WHAT YOU NEED TO DO: Among the entries below, only the lines from the one with "Type in a name" through the one with "It might take" are to be retyped, exactly and without pictures.

[WORKING DATA Boundary: Start]

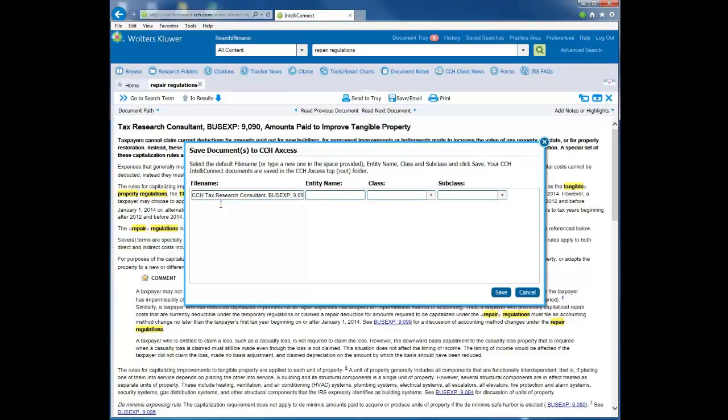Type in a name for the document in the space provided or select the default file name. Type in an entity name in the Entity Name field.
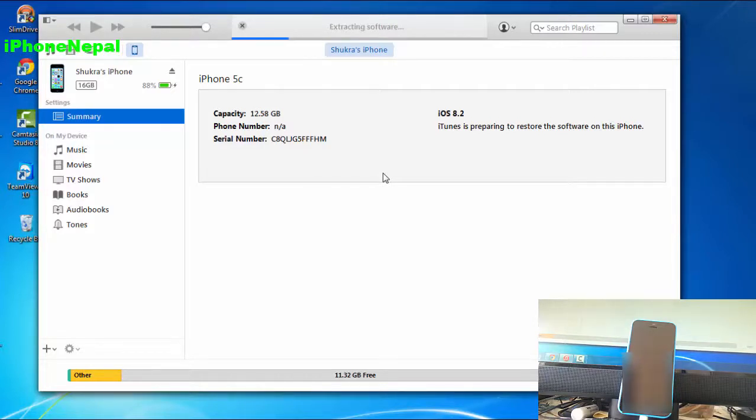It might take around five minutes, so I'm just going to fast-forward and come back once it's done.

[WORKING DATA Boundary: End]
[WORKING DATA Boundary: Start]

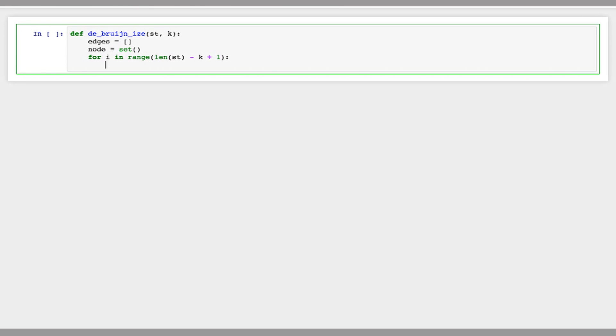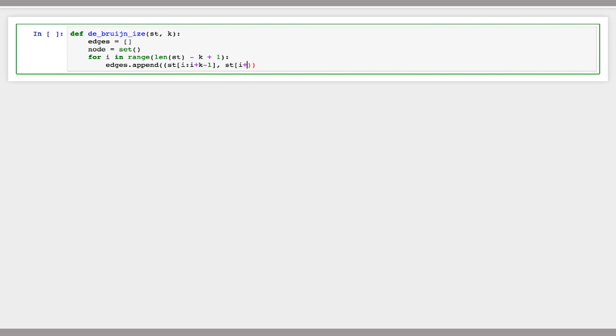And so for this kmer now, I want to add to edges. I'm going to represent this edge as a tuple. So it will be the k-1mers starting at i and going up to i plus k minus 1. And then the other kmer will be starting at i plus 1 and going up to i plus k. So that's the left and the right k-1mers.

[WORKING DATA Boundary: End]
[WORKING DATA Boundary: Start]

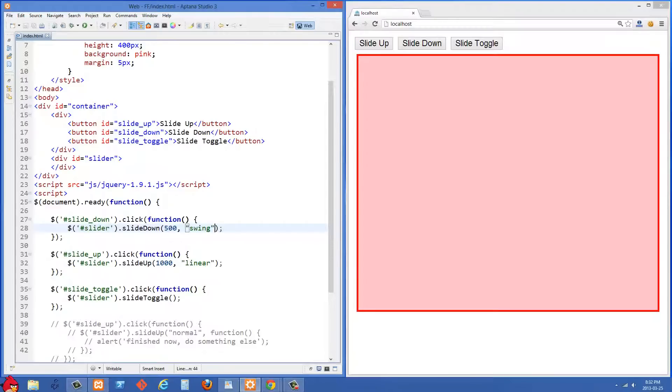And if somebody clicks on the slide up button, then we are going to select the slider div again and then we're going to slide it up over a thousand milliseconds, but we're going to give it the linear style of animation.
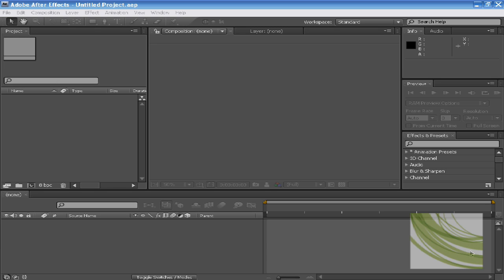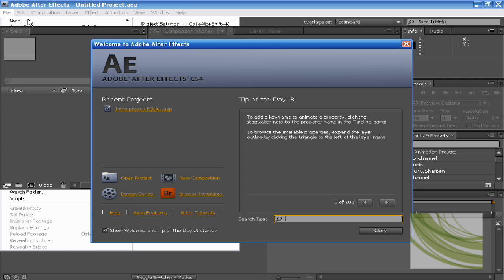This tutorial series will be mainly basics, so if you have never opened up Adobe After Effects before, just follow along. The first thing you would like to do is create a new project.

[WORKING DATA Boundary: End]

ANSWER BELOW:
Type in a name for the document in the space provided or select the default file name. Type in an entity name in the Entity Name field.
It might take around five minutes, so I'm just going to fast-forward and come back once it's done.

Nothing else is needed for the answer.